**To do:**
Count every line in the data below that includes "Picture", and give only the result.

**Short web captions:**
↓↓↓
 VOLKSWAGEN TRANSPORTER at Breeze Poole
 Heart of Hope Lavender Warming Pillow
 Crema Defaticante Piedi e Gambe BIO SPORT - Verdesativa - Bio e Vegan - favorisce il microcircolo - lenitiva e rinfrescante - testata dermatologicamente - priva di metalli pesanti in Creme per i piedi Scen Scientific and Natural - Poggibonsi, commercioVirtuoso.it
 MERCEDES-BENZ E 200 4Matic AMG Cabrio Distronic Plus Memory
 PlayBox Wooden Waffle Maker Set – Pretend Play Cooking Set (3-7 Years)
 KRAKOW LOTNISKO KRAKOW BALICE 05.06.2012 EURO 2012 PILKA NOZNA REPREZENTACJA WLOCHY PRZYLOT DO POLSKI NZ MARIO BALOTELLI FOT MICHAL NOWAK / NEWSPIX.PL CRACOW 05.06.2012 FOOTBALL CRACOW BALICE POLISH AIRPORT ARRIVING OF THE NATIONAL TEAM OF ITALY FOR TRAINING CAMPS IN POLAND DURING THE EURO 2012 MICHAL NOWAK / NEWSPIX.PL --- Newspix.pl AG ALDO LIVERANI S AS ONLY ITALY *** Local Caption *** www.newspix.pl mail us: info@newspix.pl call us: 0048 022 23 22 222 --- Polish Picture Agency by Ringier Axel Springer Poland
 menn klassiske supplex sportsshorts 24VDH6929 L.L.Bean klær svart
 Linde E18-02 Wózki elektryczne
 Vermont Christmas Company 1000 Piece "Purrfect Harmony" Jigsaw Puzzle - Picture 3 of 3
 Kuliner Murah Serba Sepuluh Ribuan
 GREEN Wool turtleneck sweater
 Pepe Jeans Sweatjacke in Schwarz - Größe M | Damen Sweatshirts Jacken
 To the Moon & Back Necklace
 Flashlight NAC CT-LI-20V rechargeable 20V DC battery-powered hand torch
↑↑↑
**Written solution:**
2